Prompt
Below are the records. Reproduce exactly the lines from the one containing "Funko Pop Star" through the final line, and omit any pictures.

** Data shown follows **

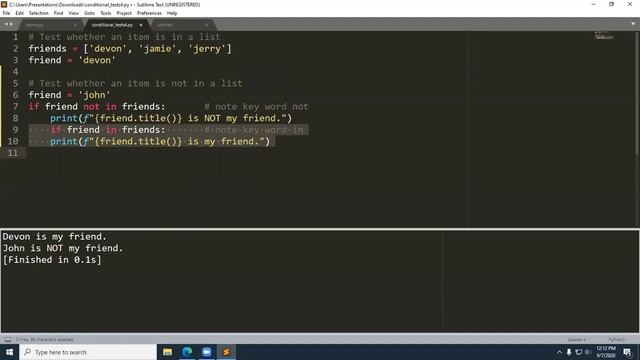 Appendix B - Text Editors and IDE's for Python смотреть онлайн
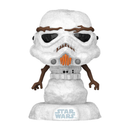Funko Pop Star Wars Stormtrooper Snowman Pop! Vinyl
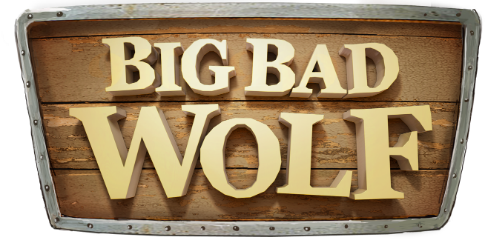 Game logo Big Bad Wolf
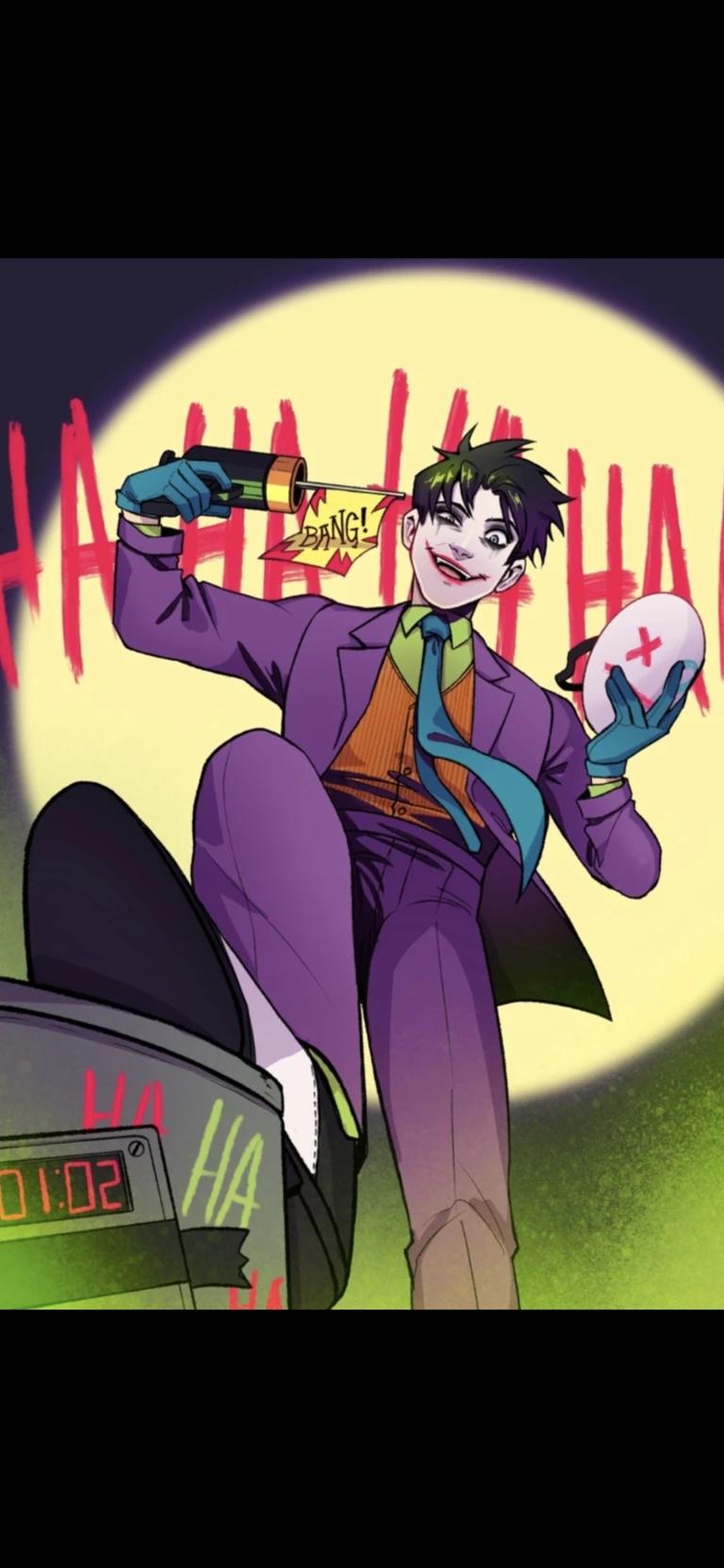 Joker Jr. (Jerome) thumbnail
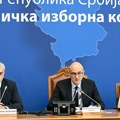 Predsednik RIK-a: Glasanje na kratko prekinuto samo u Doljevcu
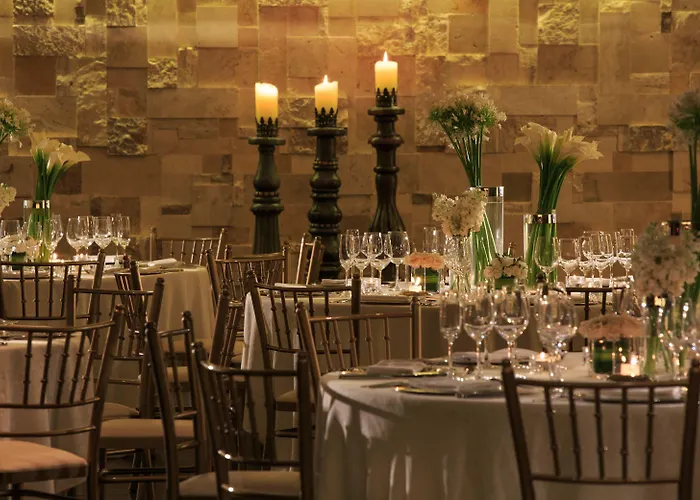 Jw Marriott El Convento Hotel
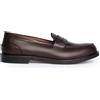 RAF Mocassini Donna in Pelle - Testa di Moro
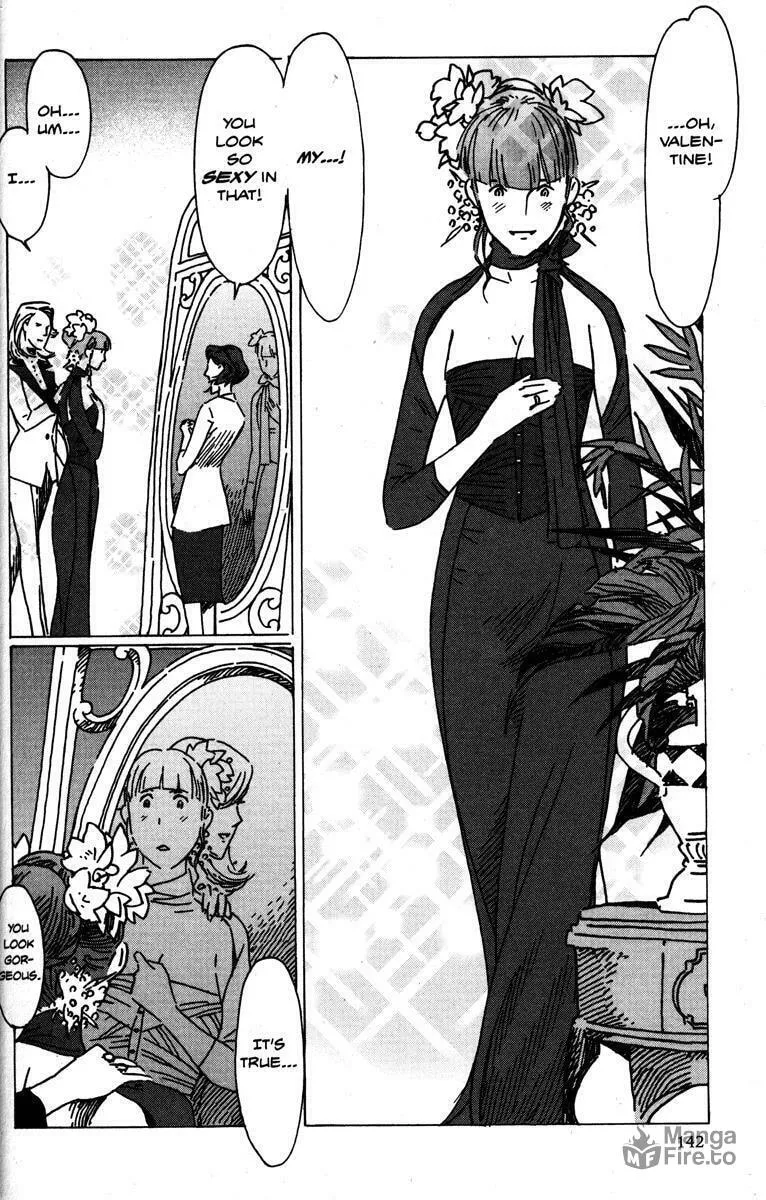 The Count of Monte Cristo Chapter 10 page 18 -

** End of Data shown **

Solution for this task
Funko Pop Star Wars Stormtrooper Snowman Pop! Vinyl
 Game logo Big Bad Wolf
 Joker Jr. (Jerome) thumbnail
 Predsednik RIK-a: Glasanje na kratko prekinuto samo u Doljevcu
 Jw Marriott El Convento Hotel
 RAF Mocassini Donna in Pelle - Testa di Moro
 The Count of Monte Cristo Chapter 10 page 18 -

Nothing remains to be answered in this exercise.